Nasdaq, the second-largest US stock market operator, has announced that they are to start to offering custody services for cryptocurrencies in order to capitalise on the huge uptick in demand that they have experienced from institutional investors over the past few years.
Currently, Nasdaq outsources its trading and surveillance software, and has already invested in crypto software and data, according to Nasdaq president Adena Friedman.
Stock exchanges versus crypto exchanges
Stock exchanges such as the Nasdaq have been extremely important over the past few decades, since they facilitate a large bulk of the trading that happens for stocks in the tech space in the US.
Nasdaq’s decision to begin to offer solutions to custody crypto themselves, and to potentially provide further opportunities for their clients, is a decision that directly puts them in competition with existing custodians such as BitGo, Anchorage Digital, and Coinbase.
Of course, it depends on how much further the Nasdaq wish to develop their business model to incorporate crypto. As an exchange first and foremost, it is quite likely that the Nasdaq will hope to capitalise on their preexisting market credibility to become a large institutional exchange for their clients as well as custodians.
The entrance of Nasdaq into the crypto markets isn’t just a huge stamp of legitimacy for the space, but also marks the growing maturity of cryptocurrencies as assets. Unlike other exchanges such as Coinbase, which has been in discussions with the SEC about potentially listing of securities, the Nasdaq specializes in listing securities – Nasdaq’s entry into the market could be hugely beneficial for the alt coin space as well as for Bitcoin.
Wall Street is fully adopting crypto
Despite the price action, the news that has been released over the past few weeks has been astonishingly bullish, and it seems that Wall Street has now fully arrived in the world of crypto and is ready to fully participate.
In addition to the announcements from Nasdaq, Blackrock also announced that they partnered with Coinbase in order to offer institutional services to their clients. As the largest asset manager in the world, this move has ushered in a high degree of confidence (despite falling prices across the board), and the move opens the door and lowers the barrier to entry for institutions even further.
Other Wall Street giants, such as Fidelity, have also announced that they are to offering trading and custody solutions for their institutional partners. Fidelity is another of the largest asset managers in the world, and their total assets under management, like Blackrock, also dwarf the size of the cryptocurrency industry.
— Michael Saylor⚡️ (@saylor) September 12, 2022
Mass institutional adoption
Since Michael Saylor’s entry into Bitcoin in 2020, the entire landscape for the crypto markets has changed, developed and matured.

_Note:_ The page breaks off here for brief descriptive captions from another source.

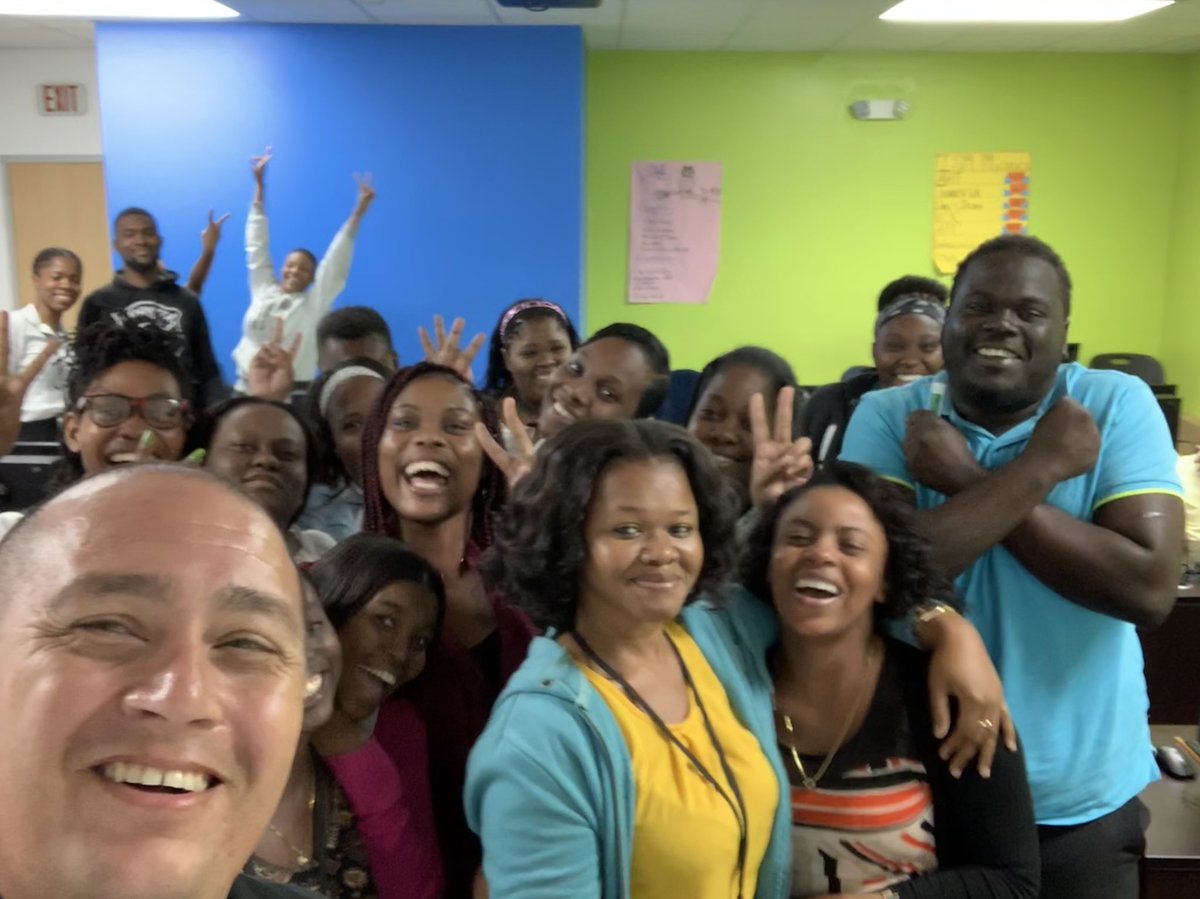 mr_echavez555's tweet photo. We had a great start here #mobay #ISMCLG #ACT #ATT - I went over Video, HSIA, Wireless with Team Ikaela. https://t.co/Auio2nZ592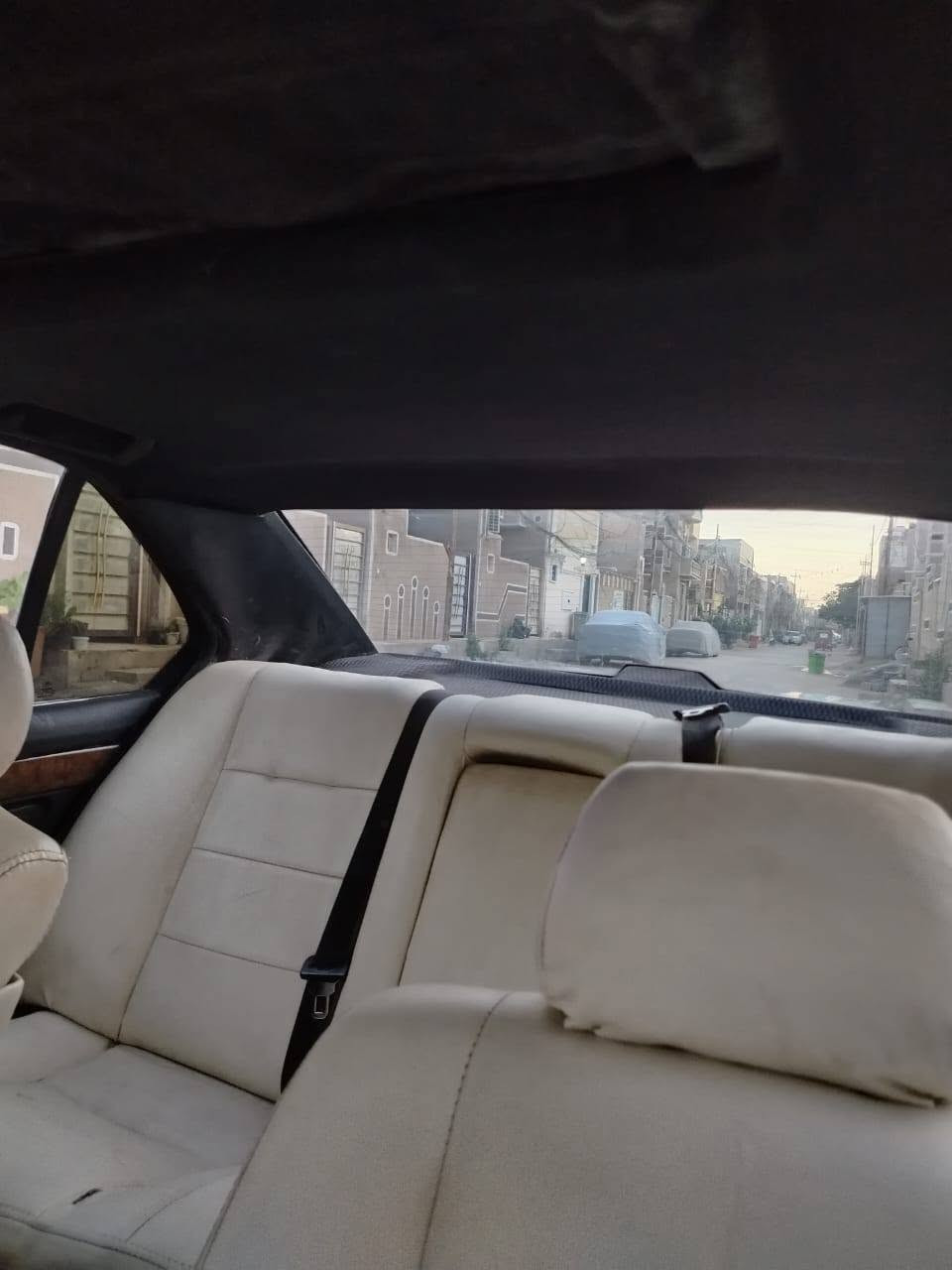 بي ام ٥٢٥ رقم انكليزي بغداد راعيه بلجفل ومداور فوري مواصفات كامله نقص فقط تبريد العنوان كربلاء السعر ٦٠ورقه وبيها مجال الشراي والي يعتني ***********..***********
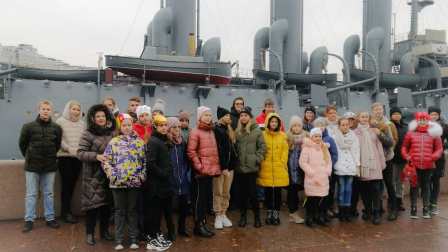 Тбилисские школьники отправились в Санкт-Петербург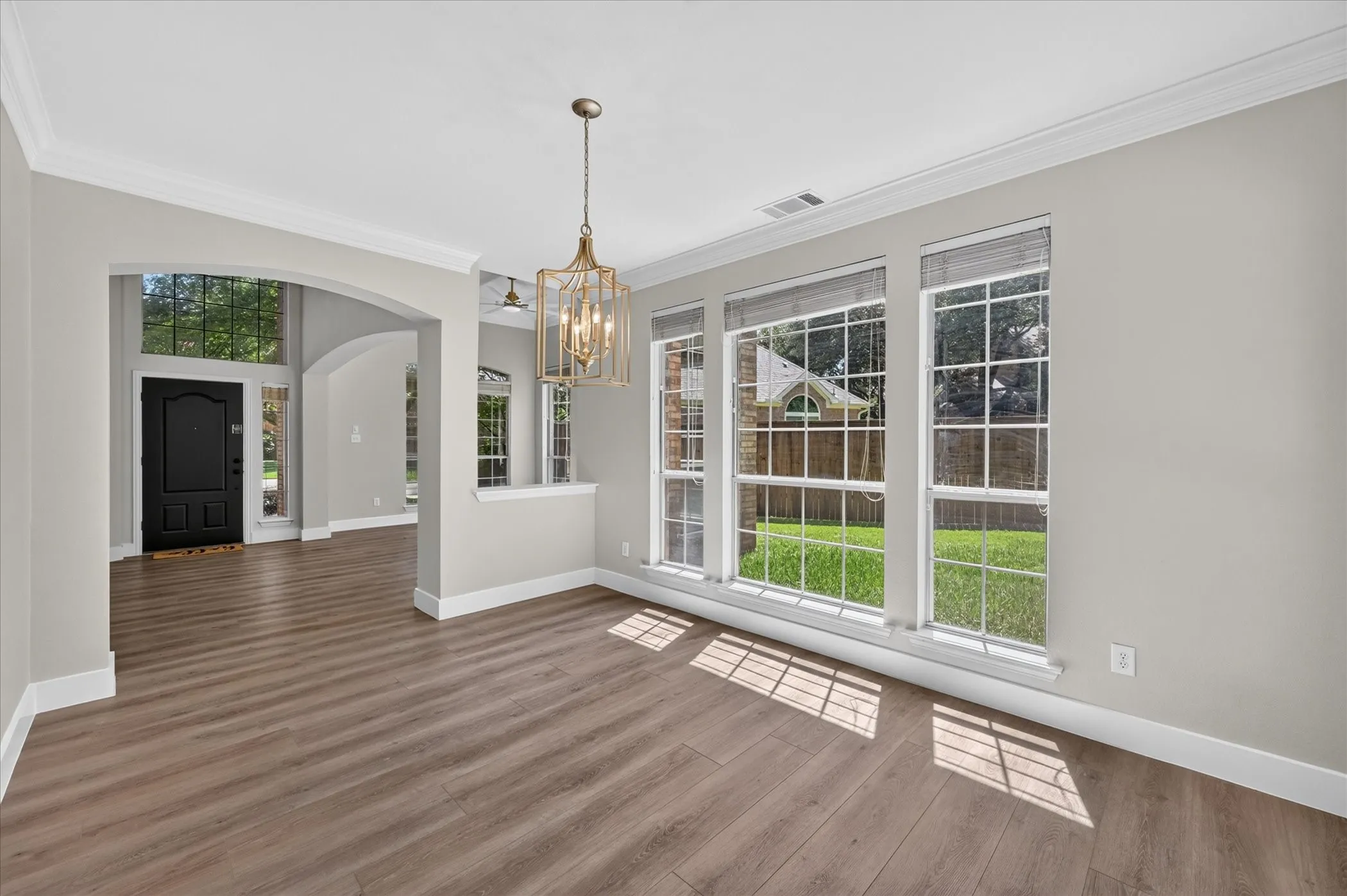 Single Family Residence For Sale in Denton County , 3317 Furlong Court, Flower Mound, Texas 75022, 4 Bedroom, 3 Bathroom, 2 Garage spaces, 3,074 Sqft, built in 1995, mls#21319666, Real Estate Agent in Flower Mound, Homes For Sale in Denton county, Homes For Sale in Flower Mound, Realtor in Flower Mound Texas, Real Estate Brokerage Independent Realty Texas, Luminita Cordes Realtor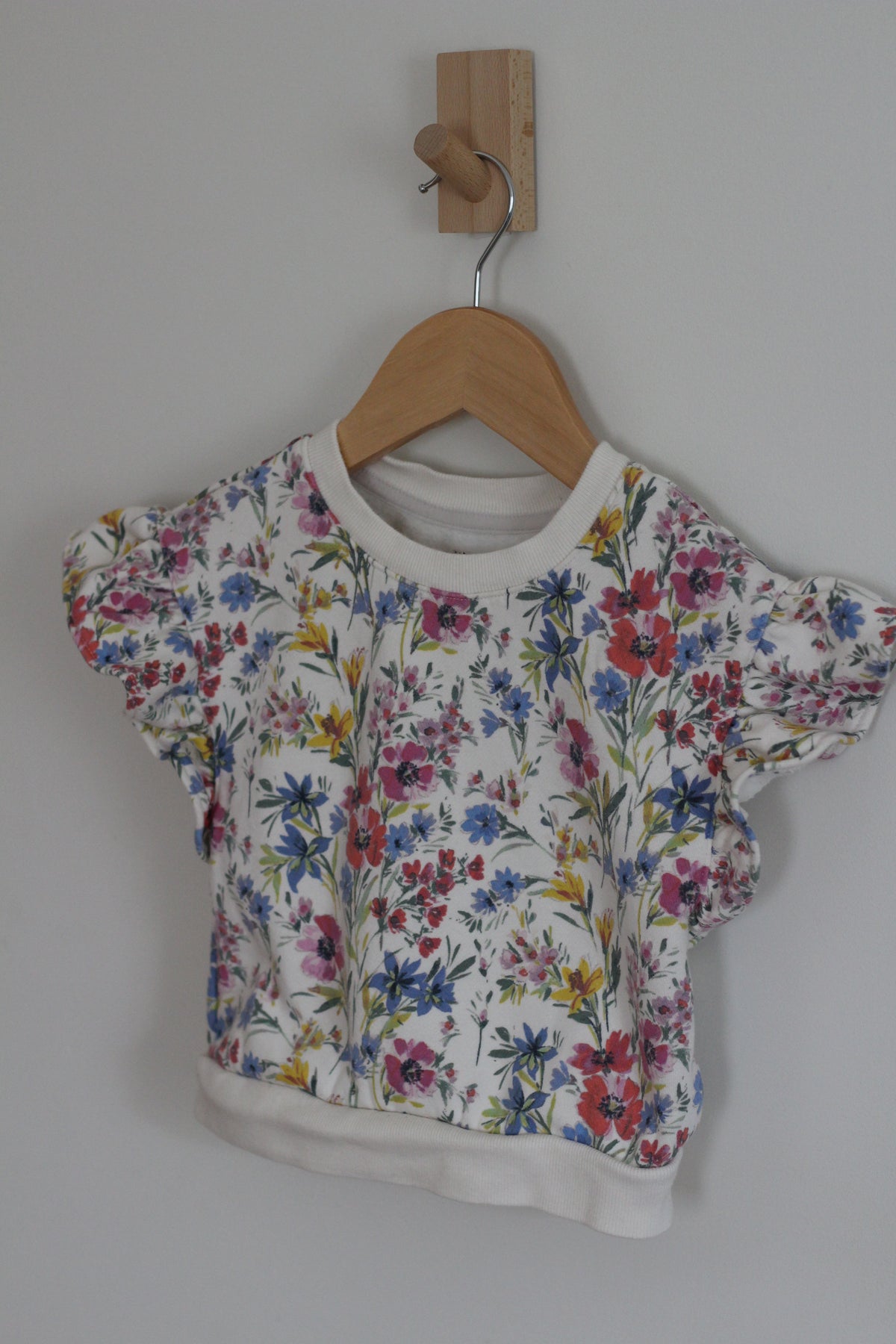 Baby Gap Flutter Sleeve Sweater Shirt - size 3 years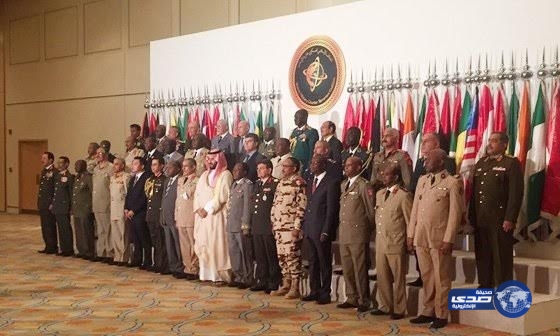 ولي ولي العهد يشارك قيادات أركان التحالف الإسلامي إجتماعهم ويتوسطهم بصورة تذكارية‎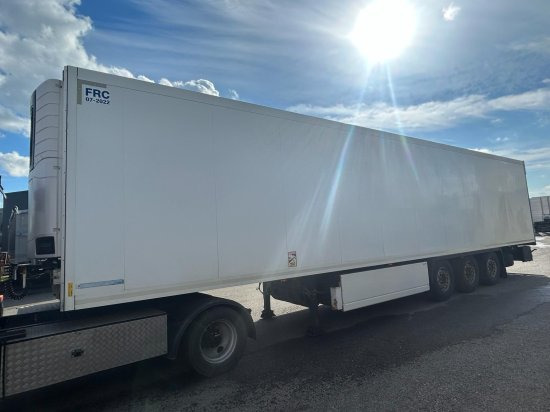 Krone SD Cool Liner, Carrier Vector 1350 - Изотермический полуприцеп: фото 3 Krone SD Cool Liner, Carrier Vector 1350 - Изотермический полуприцеп: фото 3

The total crypto market cap reached trillions of dollars at its peak, and it is estimated that there are now over 100 million people who own cryptocurrencies worldwide, with over one billion forecast to become holders in one form or another by 2025.
This makes cryptocurrencies the fastest growing asset class in the world, and Bitcoin the first truly decentralised monetary network, that is already more significant for most of the world in terms of direct ownership than gold.
The main reason that the gold market cap is so much higher than Bitcoin’s remains the fact that the asset class is still relatively young. As more companies like Nasdaq come to offer more services to their clients, and as more institutions come to adopt Bitcoin, the next Bitcoin cycle is being set up very nicely, and with potential to finally challenge gold’s market cap.